- One of first female government officials in New Mexico
- First New Mexican woman and the first Latina to run for national office
Born into a well-to-do family that traced its heritage to eleventh-century Spain, Adelina “Nina” Maria Isabel Emilia Otero was born in 1881 in Las Lunas, New Mexico. Otero-Warren was given an excellent education, first in Santa Fe, and then at Maryville College in St. Louis (1892-1894) at a time when it was unusual for a woman to be given a college education. From St. Louis she moved to New York City for a time to work at a settlement house.
Her family in New Mexico was active and influential in politics at a time when growth and commerce were transforming the territory. When her second cousin, Miguel Otero, was appointed territorial governor of New Mexico (1897-1906), Otero-Warren opted to return to Santa Fe and take part in what was happening there.
In 1908 she married a cavalry officer by the name of Rawson Warren, but the marriage did not last long. After two years, Adelina divorced her husband. Divorce was frowned upon at that time, so she kept her hyphenated name and told people she was a widow.

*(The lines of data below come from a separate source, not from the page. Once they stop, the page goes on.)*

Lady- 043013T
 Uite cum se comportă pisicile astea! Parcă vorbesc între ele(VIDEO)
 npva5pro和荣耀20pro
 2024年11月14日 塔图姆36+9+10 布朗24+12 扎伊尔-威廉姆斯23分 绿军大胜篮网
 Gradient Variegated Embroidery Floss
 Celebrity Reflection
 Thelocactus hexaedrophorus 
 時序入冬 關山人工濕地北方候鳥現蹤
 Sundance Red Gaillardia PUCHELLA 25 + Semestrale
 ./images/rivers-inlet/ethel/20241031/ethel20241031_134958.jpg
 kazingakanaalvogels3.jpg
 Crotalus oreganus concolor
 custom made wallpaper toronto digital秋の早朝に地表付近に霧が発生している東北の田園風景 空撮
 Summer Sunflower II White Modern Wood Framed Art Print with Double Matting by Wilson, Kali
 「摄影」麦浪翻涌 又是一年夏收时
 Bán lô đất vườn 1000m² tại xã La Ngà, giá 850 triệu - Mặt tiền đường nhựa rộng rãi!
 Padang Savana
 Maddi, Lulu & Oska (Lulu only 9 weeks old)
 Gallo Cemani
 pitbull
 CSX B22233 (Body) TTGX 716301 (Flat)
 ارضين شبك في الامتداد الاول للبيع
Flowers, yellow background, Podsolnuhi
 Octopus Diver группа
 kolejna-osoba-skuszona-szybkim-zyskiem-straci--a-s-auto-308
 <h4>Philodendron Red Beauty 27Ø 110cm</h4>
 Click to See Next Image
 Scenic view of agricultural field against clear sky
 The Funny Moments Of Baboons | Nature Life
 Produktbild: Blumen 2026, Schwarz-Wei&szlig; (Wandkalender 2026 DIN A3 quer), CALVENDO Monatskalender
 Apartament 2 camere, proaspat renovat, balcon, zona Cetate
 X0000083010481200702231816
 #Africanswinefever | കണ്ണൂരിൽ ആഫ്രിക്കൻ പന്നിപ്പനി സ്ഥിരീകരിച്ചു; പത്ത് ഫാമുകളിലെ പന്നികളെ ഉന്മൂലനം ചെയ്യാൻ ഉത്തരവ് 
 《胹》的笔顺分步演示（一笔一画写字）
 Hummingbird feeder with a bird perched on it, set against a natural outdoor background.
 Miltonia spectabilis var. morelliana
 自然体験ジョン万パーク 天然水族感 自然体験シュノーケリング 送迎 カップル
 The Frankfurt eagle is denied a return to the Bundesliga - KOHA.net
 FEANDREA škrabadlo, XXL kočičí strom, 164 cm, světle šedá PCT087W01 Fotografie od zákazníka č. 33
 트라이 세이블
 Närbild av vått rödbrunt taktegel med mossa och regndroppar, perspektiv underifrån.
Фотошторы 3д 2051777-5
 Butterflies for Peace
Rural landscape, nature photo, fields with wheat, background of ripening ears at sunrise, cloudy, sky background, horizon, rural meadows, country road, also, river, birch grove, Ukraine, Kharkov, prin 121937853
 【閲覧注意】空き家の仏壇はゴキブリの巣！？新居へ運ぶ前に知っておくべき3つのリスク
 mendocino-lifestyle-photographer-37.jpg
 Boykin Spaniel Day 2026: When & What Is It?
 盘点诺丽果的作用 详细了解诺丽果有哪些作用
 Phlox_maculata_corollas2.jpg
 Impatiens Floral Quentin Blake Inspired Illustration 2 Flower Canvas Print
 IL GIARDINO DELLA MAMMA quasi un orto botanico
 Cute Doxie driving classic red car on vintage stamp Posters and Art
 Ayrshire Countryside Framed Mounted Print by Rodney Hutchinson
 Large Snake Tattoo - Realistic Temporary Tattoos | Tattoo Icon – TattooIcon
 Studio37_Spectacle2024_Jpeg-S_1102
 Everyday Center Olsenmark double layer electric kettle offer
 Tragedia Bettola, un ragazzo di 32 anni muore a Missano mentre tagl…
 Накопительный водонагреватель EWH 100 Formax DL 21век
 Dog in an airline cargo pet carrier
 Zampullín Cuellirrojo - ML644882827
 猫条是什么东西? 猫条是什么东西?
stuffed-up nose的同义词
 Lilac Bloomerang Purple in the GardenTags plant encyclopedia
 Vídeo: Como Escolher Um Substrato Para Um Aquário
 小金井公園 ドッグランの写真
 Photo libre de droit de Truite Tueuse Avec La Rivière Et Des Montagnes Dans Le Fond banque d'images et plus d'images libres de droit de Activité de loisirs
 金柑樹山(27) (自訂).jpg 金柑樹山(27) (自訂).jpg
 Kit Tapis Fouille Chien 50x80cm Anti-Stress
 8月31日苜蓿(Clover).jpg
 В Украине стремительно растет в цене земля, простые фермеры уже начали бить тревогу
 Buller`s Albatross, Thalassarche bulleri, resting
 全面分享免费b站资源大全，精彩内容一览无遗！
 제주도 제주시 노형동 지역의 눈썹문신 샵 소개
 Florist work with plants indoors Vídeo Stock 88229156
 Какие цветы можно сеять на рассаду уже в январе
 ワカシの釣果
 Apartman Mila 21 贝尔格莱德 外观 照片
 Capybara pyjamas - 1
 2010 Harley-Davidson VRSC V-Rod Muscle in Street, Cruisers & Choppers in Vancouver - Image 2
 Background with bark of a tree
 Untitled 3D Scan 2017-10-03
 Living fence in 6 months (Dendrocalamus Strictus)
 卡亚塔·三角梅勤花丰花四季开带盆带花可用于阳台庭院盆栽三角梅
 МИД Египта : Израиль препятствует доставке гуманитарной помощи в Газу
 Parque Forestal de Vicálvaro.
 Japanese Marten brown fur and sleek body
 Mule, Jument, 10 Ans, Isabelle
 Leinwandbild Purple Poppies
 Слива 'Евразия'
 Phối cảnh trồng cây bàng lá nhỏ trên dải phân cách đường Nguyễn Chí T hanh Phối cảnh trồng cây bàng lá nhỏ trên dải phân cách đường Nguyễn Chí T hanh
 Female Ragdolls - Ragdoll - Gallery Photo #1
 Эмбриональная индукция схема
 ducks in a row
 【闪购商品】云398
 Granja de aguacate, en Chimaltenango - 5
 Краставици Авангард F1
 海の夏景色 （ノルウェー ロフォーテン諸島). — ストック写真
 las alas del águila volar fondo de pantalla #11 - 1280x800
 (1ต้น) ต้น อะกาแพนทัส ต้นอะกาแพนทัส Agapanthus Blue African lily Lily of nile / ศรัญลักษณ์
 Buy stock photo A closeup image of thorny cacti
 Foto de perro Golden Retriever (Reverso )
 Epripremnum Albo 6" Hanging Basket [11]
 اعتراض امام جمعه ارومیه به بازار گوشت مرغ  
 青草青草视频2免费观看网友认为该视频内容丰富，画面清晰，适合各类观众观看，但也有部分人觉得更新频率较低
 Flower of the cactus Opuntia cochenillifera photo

In 1918 Otero-Warren was appointed to serve as Superintendent of Schools for Santa Fe; subsequently she was elected to this post. She proved to be gifted in her ability to work with all constituencies since she was well-respected and also bilingual.
Suffrage Battle Taking Place Nationwide
When the Congressional Union for Woman Suffrage leader Ella St. Clair Thompson arrived in New Mexico she soon found that her best ally was going to be Adelina Otero-Warren, the niece of the popular head of the state’s Republican party and a prominent woman in her own right. By 1917 Alice Paul, who headed the national organization, asked Otero-Warren to lead the state Congressional Union (later known as the National Woman’s Party). The task at hand was urging passage of the 19th Amendment in the state legislature. When the states ratified it and the federal amendment took effect, women of New Mexico finally gained full suffrage, one of the last states in the West to give voting rights to women (though it left off of the voting rosters the state’s large population of Native American women).
From 1917-1929, Otero-Warren continued on as one of New Mexico’s first female government officials: first as Santa Fe Superintendent of Instruction followed by chairing the State Board of Health. In 1923 she became Inspector of Indian Schools in Santa Fe County. Several years later she was appointed state director of the federal Civilian Conservation Corps by President Franklin D. Roosevelt.
In 1922 Otero-Warren decided to run for Congress. She was an effective campaigner and talked of her work in education and her interests in temperance and social welfare. During the campaign, her second cousin, the former governor, publicly revealed that Otero-Warren had been deceptive about her marital status; her spouse was not dead, she had divorced him.
Though the divorce had occurred a dozen years before the election, the news was powerful enough to tip the scales in favor of her Democratic opponent. She lost by 10,000 votes.
Otero-Warren’s contributions to her community were not just in the political realm. She was involved in preservation of historic structures in both Santa Fe and Taos, and she worked closely with the arts community that congregated in the state. She was instrumental in renewing interest in and respect for Hispanic and Indian culture.
Her life on the family hacienda was recorded in her book, Old Spain in Our Southwest (1936). Until her death in 1965, she continued her life in New Mexico as a businesswoman, educator, writer, and political activist.